■ **TASK**:
Below are entries; repeat exactly, and nothing else, the lines from the one holding "Europe Kayaks, Austdalsbreen" through the one holding "POWERFULL GODDESS EMILI", inclusive. Leave the pictures out.

■ **RECORDED INFORMATION**:
>>>>

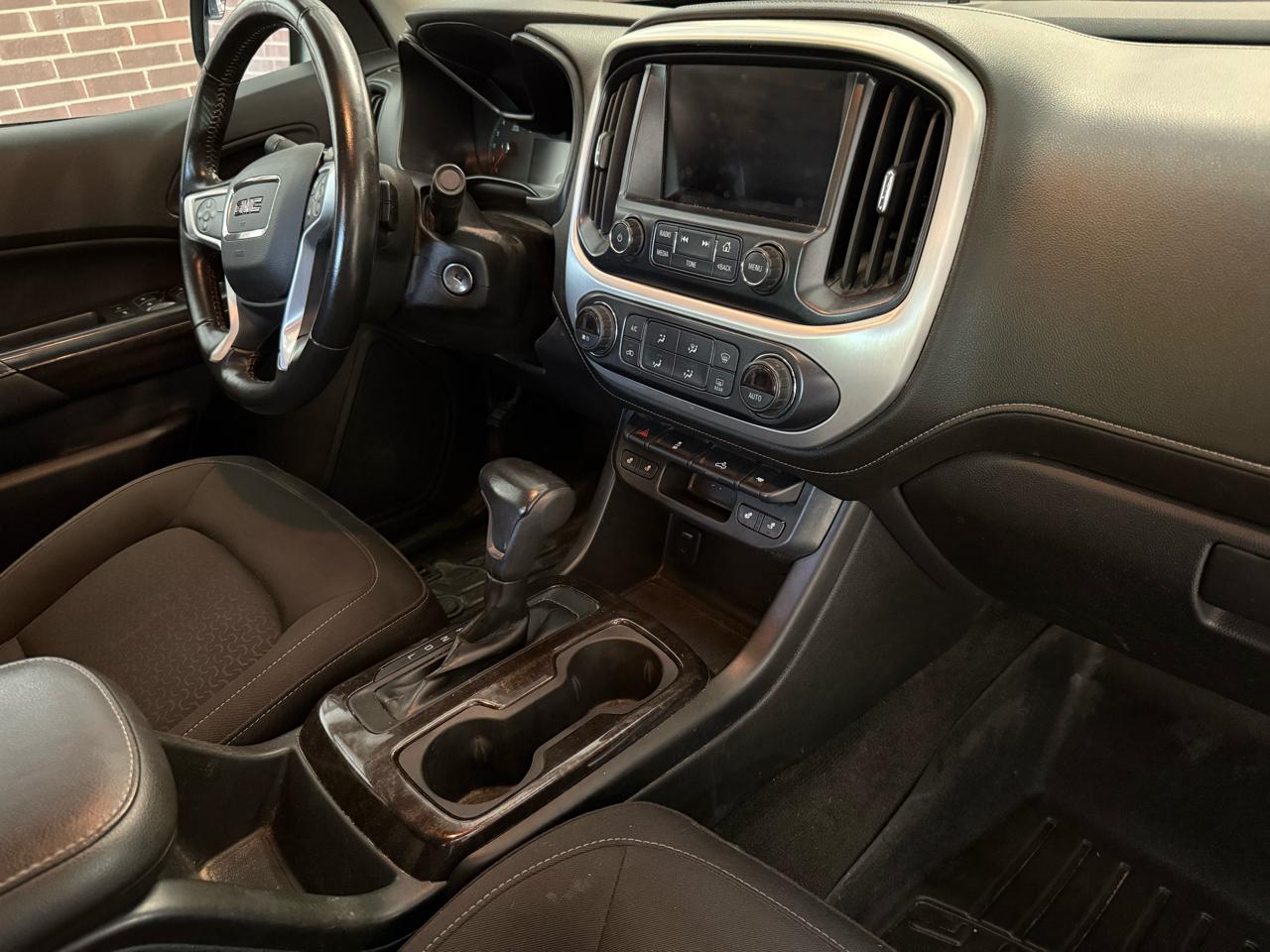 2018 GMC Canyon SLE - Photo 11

<<<<
>>>>

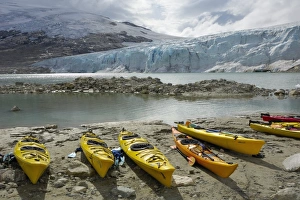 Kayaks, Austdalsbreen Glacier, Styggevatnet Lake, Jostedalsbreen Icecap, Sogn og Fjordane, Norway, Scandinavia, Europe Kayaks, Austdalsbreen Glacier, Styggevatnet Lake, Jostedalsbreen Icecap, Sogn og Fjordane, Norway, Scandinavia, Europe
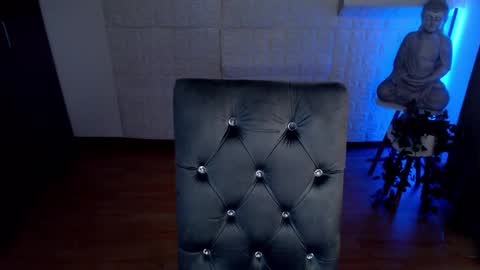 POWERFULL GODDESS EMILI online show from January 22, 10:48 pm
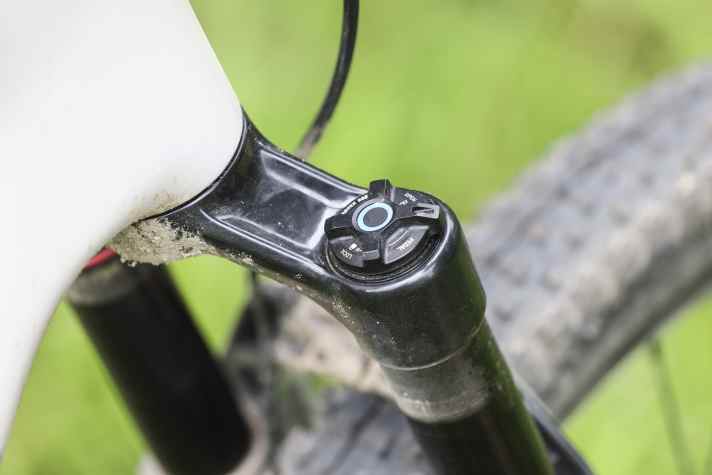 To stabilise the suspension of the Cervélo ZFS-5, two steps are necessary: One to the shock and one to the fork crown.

<<<<

■ **ANSWER AREA**:
 Kayaks, Austdalsbreen Glacier, Styggevatnet Lake, Jostedalsbreen Icecap, Sogn og Fjordane, Norway, Scandinavia, Europe Kayaks, Austdalsbreen Glacier, Styggevatnet Lake, Jostedalsbreen Icecap, Sogn og Fjordane, Norway, Scandinavia, Europe
 POWERFULL GODDESS EMILI online show from January 22, 10:48 pm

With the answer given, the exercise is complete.